日本の就労ビザの種類について
「技術・人文知識・国際業務」ビザについて
「特定技能」ビザについて
「技能実習」ビザについて
転職者を雇用する場合の注意事項について
日本の就労ビザは20種類近くありますが、外交官、医者、法律家、研究者、大学教授などの高度な専門職を除くと、留学生や日本に初めて働きに来る外国人を雇用する場合に検討すべき選択肢は多くの場合、「技術・人文知識・国際業務」「特定技能」「技能実習」という3つのビザが中心となります。
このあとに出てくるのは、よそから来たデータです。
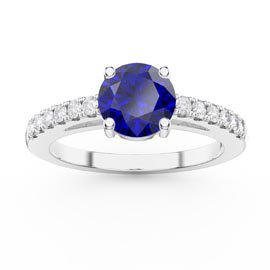 Unity 1ct Blue Sapphire Moissanite Pave 9ct White Gold Proposal Ring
そこでここでは、これらメジャーな3種類のビザについてご説明してゆきたいと思います。
下記はそれぞれの特徴を比較した表です。
ビザの名称 | 技術・人文知識・国際業務 | 特定技能 | 技能実習 |
従事できる 仕事 |
高度な 専門的職務 |
現場作業やサービス | 現場作業やサービス |
立 場 | 労働者 | 労働者 | 実習生 |
人材の条件 | ・国内外の大学 または ・国内専門学校 卒業者 |
・技能実習修了者 または ・職種別の試験合格者 +日本語試験N4以上 |
実習に関連する前職 |
就労期間 | 上限なし | 通算5年(2号は上限なし) | 原則3年(最大5年) |
受入人数 | 制限なし | 制限なし (建設は常勤職員数と同数) |
制限あり |
転 職 | 可 | 可 | 不可 |
特別な制限 | なし | なし | 技能実習計画の履行 |
契約団体 | なし | 登録支援機関(任意) | 監理団体(強制) |
特別の義務 | なし | ・必要な役職の設置 ・各種支援義務の履行 ・入管へ各種報告届出 (登録支援機関に委託可) |
・必要な役職の設置 ・技能実習計画の策定 ・実習状況の報告 ・監査の受入れ |
以下、それぞれのビザについて詳解してゆきます。
概要
外国人が日本で働くために従前からある就労ビザで、一定以上の高度な学識や技能をもっている外国人材に認められるビザです。技能実習生や特定技能外国人との区別でエンジニアや高度人材などとも呼ばれています。
メリット
外国人を受け入れる制度上の構造がシンプルであり、ビザを取得してしまえば日本人とほぼ同様に働いてもらうことができます。具体的には、企業と外国人労働者との間で雇用契約を交わし、ビザを取得すれば、ビザを更新し続ける限りいつまでも従業員として働いてもらうことができます。外国人労働者側としても、将来的に永住許可を目指すことができるほか、本国の家族を呼ぶことができるなどのメリットがあります。
デメリット
技術・人文知識・国際業務の問題点、それは、学士(大学・短大)や専門士(専門学校)などの学位をもった学識者を想定しているなど、従事させることができる仕事の内容が比較的高度なものに限定されており、基本的に職種の範囲が狭いということです。たとえば、溶接という仕事も、専門的・技術的な職種だといえますが、それは大学や専門学校で学んだ学識が不可欠となるような仕事とは評価されないため、余程の事情がない限りは「技術・人文知識・国際業務」ビザの活動には該当しないという扱いになってしまいます。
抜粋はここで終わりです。